Ask a DIY consumer why they picked a paint brand and you get colour and price. Model their actual choice behaviour and a different picture emerges: prior brand experience, shelf visibility, and confidence that the job will work out on the first attempt carry more weight than stated price sensitivity. Ask a professional painter the same question and you get quality. Run regression on what actually predicts their loyalty and it is one-coat coverage, merchant availability, and the tinting service at the counter. Home improvement is two markets in one. The DIY consumer and the trade professional buy the same categories through different channels for different reasons. We run separate driver models for each, in the same study, using derived importance via regression, Shapley value decomposition for correlated attributes, MaxDiff for forced trade-offs, and importance-performance analysis. Stated and derived run side by side. The gap between them is usually the most valuable finding. In short: we identify what really drives brand choice at the shelf and loyalty in the trade, and rank it by real impact, not survey noise.

30+

years exclusive focus on home improvement, construction, and installation

Driver analysis across 7 home improvement subsectors, from paint to power tools

DIY consumer (CAWI) and trade professional (CATI) driver models in one integrated study

Four

proprietary syndicated monitors covering home improvement audiences

What We Measure

1

Drivers of Brand Choice at the Shelf

What makes a DIY consumer pick your paint, sealant, or drill off the shelf rather than the private label next to it. How stated reasons (price, colour range) differ from derived reasons (prior experience, packaging clarity, fear of redoing the job). The real weight of in-store visibility and promotion versus brand equity built before the store visit.

2

Drivers of Trade Brand Loyalty

Why a professional painter stays with one paint brand for fifteen years and what would make them switch. The role of merchant availability, tinting service, technical reliability, and account terms among painters, handymen, and fitters. For power tools: how battery platform lock-in outranks almost every stated attribute once a professional owns three tools on one system.

3

Drivers of Channel Choice

Why a consumer buys flooring at a DIY superstore, a specialist, or online, and what each channel decision does to brand outcomes. Why a handyman buys through a trade counter rather than a retail store. Trade-offs between price, stock, credit, and opening hours. Drivers of online versus in-store purchase by category, since they differ sharply between paint, tools, and bathroom products.

4

Drivers of the DIY versus DIFM Decision

What pushes a homeowner to do the job themselves versus hire a professional, by category and by project type. Which product attributes (ease of application, perceived risk, finish quality) move that boundary, because the boundary defines who your real customer is.

5

Drivers of Satisfaction & NPS

Which product, range, service, and channel elements actually move satisfaction scores among consumers and trade customers. Separation of mentioned attributes from those that statistically drive the score. Driver gaps versus key competitors and versus private label.

6

Drivers of Premium & Sustainability Acceptance

Willingness to pay for low-VOC paint, FSC-certified products, durable tool ranges, and water-saving bathroom products. Conditions under which the premium holds for consumers, and the very different conditions under which it holds for professionals.

7

Drivers of Recommendation

What makes a painter, fitter, or handyman recommend a brand to the homeowner who pays for it. How much of the final brand decision the professional actually controls, by category.

Subsectors Covered

Note: This is a portion of the subsectors and product categories we cover within home improvement research.
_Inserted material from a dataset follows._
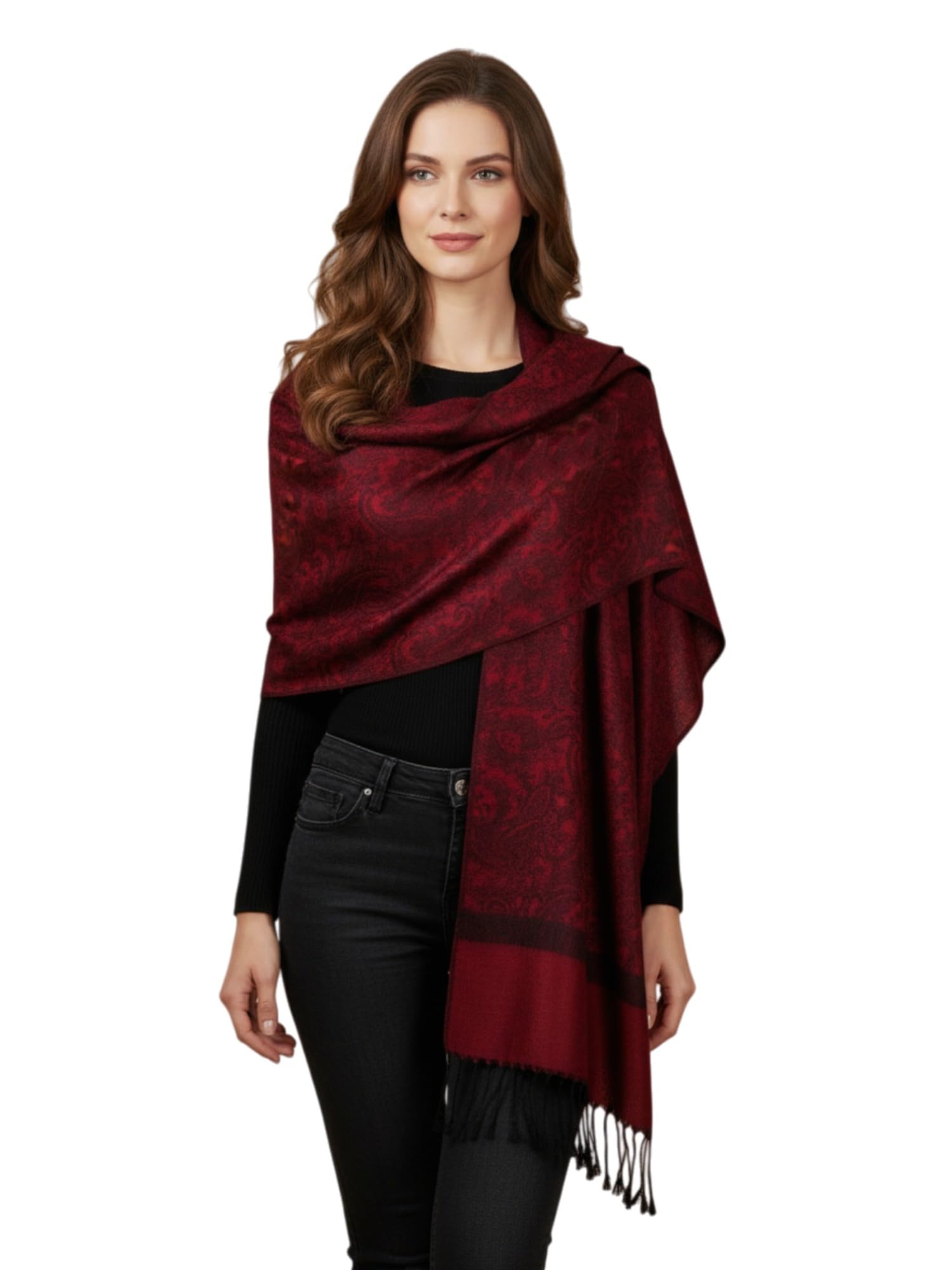 womens Paisley Pashmina Pashmina Shawl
How Home Improvement Driver Analysis Works - Example Project

Scenario: A power tool manufacturer holds strong share among professionals but is losing DIY consumers to a cheaper competitor in DE, FR, and UK. The marketing team wants to know whether to defend on price or invest elsewhere. They suspect the two audiences buy for entirely different reasons but have no model to prove it. Design: CAWI with 300 DIY consumers per country who bought a power tool in the past 12 months, screened with category engagement and behaviour verification checks. In parallel, CATI with 100 trade professionals per country recruited by phone from our own frames. Both audiences rate performance on the same 16 attributes and complete a MaxDiff exercise. Two parallel analyses per audience: stated importance from direct rating, derived importance from regression of attributes on brand preference. Output: Separate ranked driver models for DIY and trade. For professionals, battery platform compatibility and dealer service emerge as the top derived drivers despite ranking mid-table on stated importance. For DIY consumers, price matters but prior brand experience and perceived durability outrank it. The recommendation: hold price, invest in platform breadth and retail demonstration. Per-country views show where the German DIY market diverges from the UK. Note: This is an example of a typical project design, not a fixed process.

Methodology

CAWI (Online Surveys) - Primary Method for Consumers

DIY consumers and homeowners are reached online through quality-controlled panels. Every home improvement CAWI study includes category engagement screening, verification of actual purchase behaviour in the past 12 to 24 months, minimum completion time thresholds, attention and consistency checks, and filtering to exclude low-quality or AI-assisted respondents. Driver models are only as good as the data underneath them.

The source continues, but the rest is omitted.